[What is required]: The entire listing is to be repeated verbatim.

Given data Start Marker

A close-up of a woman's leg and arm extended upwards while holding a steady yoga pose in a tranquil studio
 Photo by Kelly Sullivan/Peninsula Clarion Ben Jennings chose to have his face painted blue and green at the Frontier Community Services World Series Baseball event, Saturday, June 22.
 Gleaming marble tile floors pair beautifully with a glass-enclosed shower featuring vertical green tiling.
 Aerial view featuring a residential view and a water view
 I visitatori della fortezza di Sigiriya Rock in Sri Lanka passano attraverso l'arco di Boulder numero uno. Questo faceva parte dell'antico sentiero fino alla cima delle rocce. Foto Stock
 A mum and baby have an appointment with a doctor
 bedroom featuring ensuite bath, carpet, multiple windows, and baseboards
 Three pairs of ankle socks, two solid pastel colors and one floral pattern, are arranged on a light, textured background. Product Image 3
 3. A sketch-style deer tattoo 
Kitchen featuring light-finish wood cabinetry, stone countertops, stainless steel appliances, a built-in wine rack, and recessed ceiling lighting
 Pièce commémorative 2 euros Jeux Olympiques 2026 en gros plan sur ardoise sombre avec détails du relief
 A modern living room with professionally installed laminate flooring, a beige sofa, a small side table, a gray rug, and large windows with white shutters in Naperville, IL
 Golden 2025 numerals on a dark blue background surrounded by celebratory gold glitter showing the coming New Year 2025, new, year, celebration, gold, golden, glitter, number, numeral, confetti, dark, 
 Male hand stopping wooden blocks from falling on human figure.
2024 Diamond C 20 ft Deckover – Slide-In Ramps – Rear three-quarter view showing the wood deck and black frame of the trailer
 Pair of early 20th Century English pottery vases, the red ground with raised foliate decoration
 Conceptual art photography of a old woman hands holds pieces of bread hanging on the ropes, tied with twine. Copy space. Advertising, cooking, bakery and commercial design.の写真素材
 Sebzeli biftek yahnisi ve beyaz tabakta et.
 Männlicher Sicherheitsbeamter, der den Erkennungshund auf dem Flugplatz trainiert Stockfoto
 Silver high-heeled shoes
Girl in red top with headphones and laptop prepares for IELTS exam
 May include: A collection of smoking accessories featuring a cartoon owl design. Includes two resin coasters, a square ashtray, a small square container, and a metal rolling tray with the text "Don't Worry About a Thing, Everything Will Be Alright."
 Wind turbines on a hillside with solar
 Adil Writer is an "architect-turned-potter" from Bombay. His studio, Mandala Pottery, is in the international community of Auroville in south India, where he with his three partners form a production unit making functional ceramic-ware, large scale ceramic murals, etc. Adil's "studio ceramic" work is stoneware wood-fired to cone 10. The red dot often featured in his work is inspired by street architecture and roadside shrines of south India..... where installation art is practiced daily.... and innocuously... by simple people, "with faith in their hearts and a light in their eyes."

Given data End Marker

[Problem solution]:
A close-up of a woman's leg and arm extended upwards while holding a steady yoga pose in a tranquil studio
 Photo by Kelly Sullivan/Peninsula Clarion Ben Jennings chose to have his face painted blue and green at the Frontier Community Services World Series Baseball event, Saturday, June 22.
 Gleaming marble tile floors pair beautifully with a glass-enclosed shower featuring vertical green tiling.
 Aerial view featuring a residential view and a water view
 I visitatori della fortezza di Sigiriya Rock in Sri Lanka passano attraverso l'arco di Boulder numero uno. Questo faceva parte dell'antico sentiero fino alla cima delle rocce. Foto Stock
 A mum and baby have an appointment with a doctor
 bedroom featuring ensuite bath, carpet, multiple windows, and baseboards
 Three pairs of ankle socks, two solid pastel colors and one floral pattern, are arranged on a light, textured background. Product Image 3
 3. A sketch-style deer tattoo 
Kitchen featuring light-finish wood cabinetry, stone countertops, stainless steel appliances, a built-in wine rack, and recessed ceiling lighting
 Pièce commémorative 2 euros Jeux Olympiques 2026 en gros plan sur ardoise sombre avec détails du relief
 A modern living room with professionally installed laminate flooring, a beige sofa, a small side table, a gray rug, and large windows with white shutters in Naperville, IL
 Golden 2025 numerals on a dark blue background surrounded by celebratory gold glitter showing the coming New Year 2025, new, year, celebration, gold, golden, glitter, number, numeral, confetti, dark, 
 Male hand stopping wooden blocks from falling on human figure.
2024 Diamond C 20 ft Deckover – Slide-In Ramps – Rear three-quarter view showing the wood deck and black frame of the trailer
 Pair of early 20th Century English pottery vases, the red ground with raised foliate decoration
 Conceptual art photography of a old woman hands holds pieces of bread hanging on the ropes, tied with twine. Copy space. Advertising, cooking, bakery and commercial design.の写真素材
 Sebzeli biftek yahnisi ve beyaz tabakta et.
 Männlicher Sicherheitsbeamter, der den Erkennungshund auf dem Flugplatz trainiert Stockfoto
 Silver high-heeled shoes
Girl in red top with headphones and laptop prepares for IELTS exam
 May include: A collection of smoking accessories featuring a cartoon owl design. Includes two resin coasters, a square ashtray, a small square container, and a metal rolling tray with the text "Don't Worry About a Thing, Everything Will Be Alright."
 Wind turbines on a hillside with solar
 Adil Writer is an "architect-turned-potter" from Bombay. His studio, Mandala Pottery, is in the international community of Auroville in south India, where he with his three partners form a production unit making functional ceramic-ware, large scale ceramic murals, etc. Adil's "studio ceramic" work is stoneware wood-fired to cone 10. The red dot often featured in his work is inspired by street architecture and roadside shrines of south India..... where installation art is practiced daily.... and innocuously... by simple people, "with faith in their hearts and a light in their eyes."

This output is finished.